Please set down each of the lines below once more, exactly, omitting all pictures.

◆ **Collected material**
------------------------------------------------------------------------

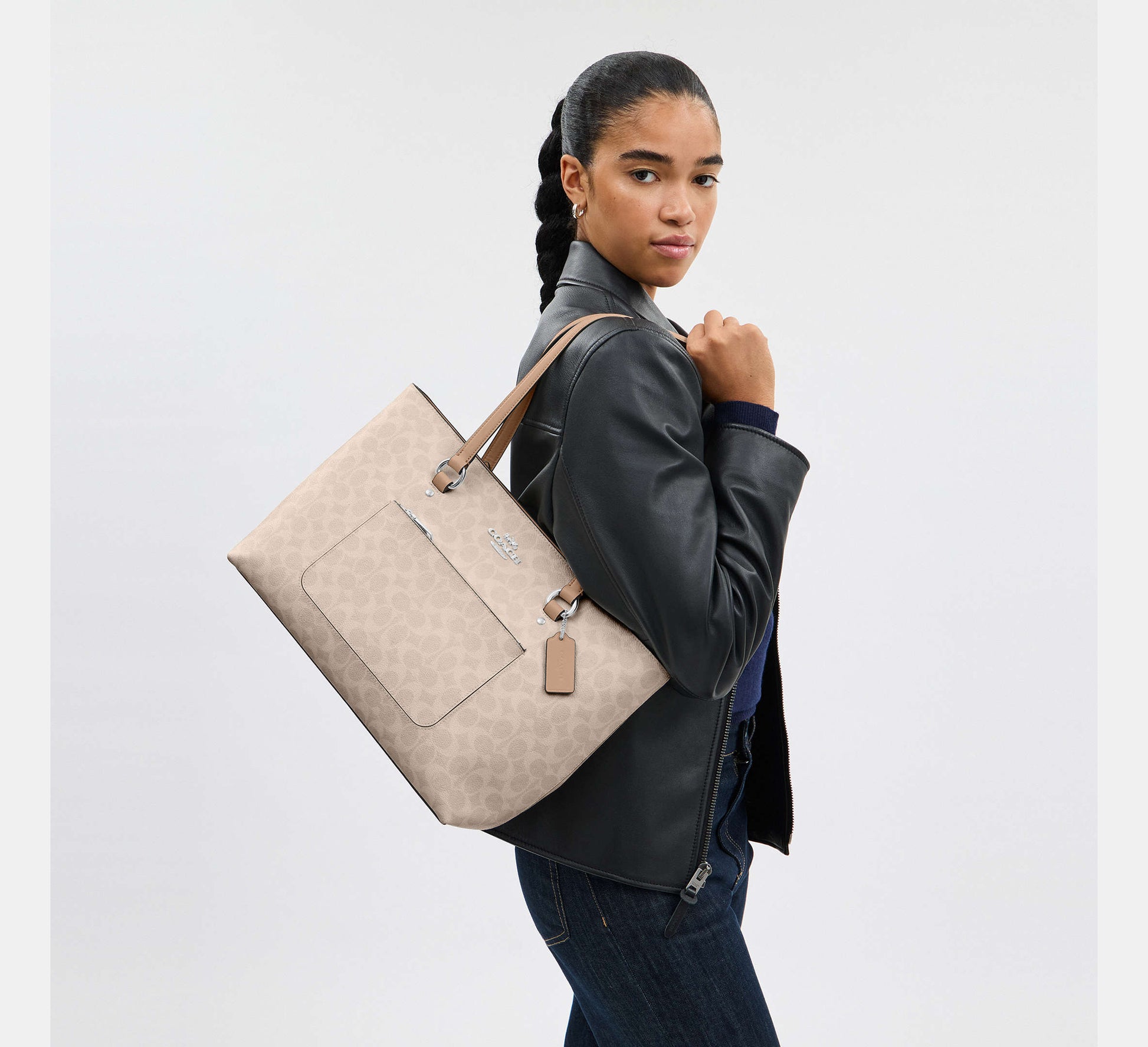 Coach Station Tote Bag in Signature Canvas in Silver/Sand/Taupe - On Model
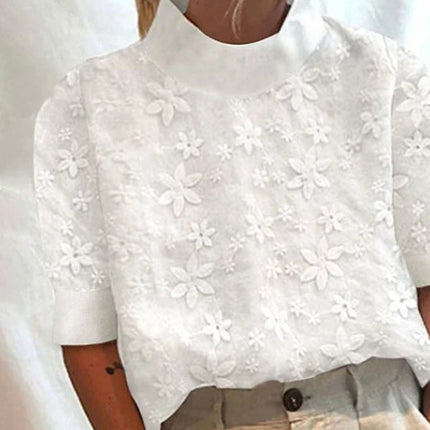 Women’s Blouse | Embroidered Stand-Up Collar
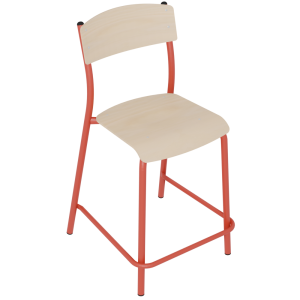 Chaise haute ANTIB assise et dossier bois Blueprotech® piètement époxy - H60 cm -Rouge RAL 3000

------------------------------------------------------------------------

◆ **Your response**
 Coach Station Tote Bag in Signature Canvas in Silver/Sand/Taupe - On Model
 Women’s Blouse | Embroidered Stand-Up Collar
 Chaise haute ANTIB assise et dossier bois Blueprotech® piètement époxy - H60 cm -Rouge RAL 3000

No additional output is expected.